Another woman and her daughter were in the station complaining that a neighbour was harassing them and they were having to move house because of it. ‘Wasn’t there anything that could be done?’
Three sets of people, three very different problems. I wasn’t homeless, I wasn’t being harassed. But I’m still upset and way too attached to a piece of tech.
Why I don’t want to replace it
The robbery specialist was sympathetic, his job to get statements from countless snatch and grab phone thefts. He told me after Steve Jobs’ death, he wondered if the man ever knew how much heartache he caused people over these devices. Happiness… Yes. An easier lifestyle… of course, but heartache too. The more convenient you make someone’s life, the worse it is when it is taken away.
I don’t even have a clock. Had to turn my Macbook on during the night to see what time it was.
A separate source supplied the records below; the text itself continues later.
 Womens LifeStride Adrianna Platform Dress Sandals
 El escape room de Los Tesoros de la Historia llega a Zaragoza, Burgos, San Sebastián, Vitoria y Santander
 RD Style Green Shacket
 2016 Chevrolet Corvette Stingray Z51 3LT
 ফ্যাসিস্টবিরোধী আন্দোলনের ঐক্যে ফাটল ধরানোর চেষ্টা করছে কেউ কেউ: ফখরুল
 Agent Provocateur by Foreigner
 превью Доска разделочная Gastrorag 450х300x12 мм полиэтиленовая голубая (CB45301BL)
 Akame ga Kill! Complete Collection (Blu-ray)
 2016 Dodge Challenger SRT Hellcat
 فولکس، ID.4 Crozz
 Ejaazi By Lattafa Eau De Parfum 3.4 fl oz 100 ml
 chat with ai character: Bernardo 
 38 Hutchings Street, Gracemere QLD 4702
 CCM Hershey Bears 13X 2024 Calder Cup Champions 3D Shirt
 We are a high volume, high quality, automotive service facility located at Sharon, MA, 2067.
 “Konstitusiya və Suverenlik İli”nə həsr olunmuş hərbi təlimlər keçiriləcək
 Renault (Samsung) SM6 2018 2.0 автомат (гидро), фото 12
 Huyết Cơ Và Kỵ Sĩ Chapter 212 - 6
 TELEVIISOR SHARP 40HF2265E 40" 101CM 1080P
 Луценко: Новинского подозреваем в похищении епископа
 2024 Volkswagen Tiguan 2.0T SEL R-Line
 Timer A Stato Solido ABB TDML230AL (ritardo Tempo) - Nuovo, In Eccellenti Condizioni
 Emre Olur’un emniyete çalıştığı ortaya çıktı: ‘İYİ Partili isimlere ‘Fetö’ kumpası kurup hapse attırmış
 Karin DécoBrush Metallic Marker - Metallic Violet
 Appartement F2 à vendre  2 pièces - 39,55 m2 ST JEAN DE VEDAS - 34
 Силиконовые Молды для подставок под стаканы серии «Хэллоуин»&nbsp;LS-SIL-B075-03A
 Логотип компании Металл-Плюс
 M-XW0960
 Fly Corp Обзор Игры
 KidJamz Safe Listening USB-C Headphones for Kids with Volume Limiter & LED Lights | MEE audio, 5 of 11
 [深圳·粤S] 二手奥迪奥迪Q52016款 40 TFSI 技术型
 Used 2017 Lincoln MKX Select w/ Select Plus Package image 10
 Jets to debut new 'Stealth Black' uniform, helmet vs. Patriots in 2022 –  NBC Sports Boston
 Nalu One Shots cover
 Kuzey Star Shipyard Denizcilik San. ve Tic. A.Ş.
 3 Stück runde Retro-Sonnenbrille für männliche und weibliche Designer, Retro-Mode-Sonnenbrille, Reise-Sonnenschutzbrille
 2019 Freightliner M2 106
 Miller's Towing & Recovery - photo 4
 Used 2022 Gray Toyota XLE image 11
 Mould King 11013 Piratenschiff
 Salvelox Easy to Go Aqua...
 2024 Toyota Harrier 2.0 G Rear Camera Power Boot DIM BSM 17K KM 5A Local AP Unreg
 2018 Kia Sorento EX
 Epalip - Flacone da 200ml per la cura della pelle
Putting too much of yourself on any device is a mistake. One that I have made twice now. My whole life is on that, texts, emails, really personal info. Hell, even my period tracker. How am I going to know when to expect it now?! I no longer want to be so attached to any tech.
Mostly I still haven’t gotten over the shock of him grabbing it, I got such a fright and it keeps replaying in my head.
This morning getting my americano in Shoreditch Grind, I thought of all the instances I would have used my phone there. Foursquare to check in, Instagram to snap a pic of the cool logo on the wall, Yelp to check its reviews, Twitter to complain about the fact they forgot to put my order through, Facebook and Gmail to check as I waited, Shazam to see what that cool song that was playing was.
Instead I perched on a stool, and returned the smile and ‘good morning’ the cute barista gave me.
Being unplugged has its perks. You see people and they see you. You’re no longer giving them that ‘I don’t want to acknowledge you’ headphones look. You are back in the world and aware of your surroundings, forced to *be* and not creating your own world to disengage into.
I might get to finish that book I started. Stop seeing peoples’ Facebook and Twitter updates that bother me. Stop caring about stupid shit on the internet.
But when will I stop wondering what I’m missing? And when can I stop being afraid of them stealing my identity.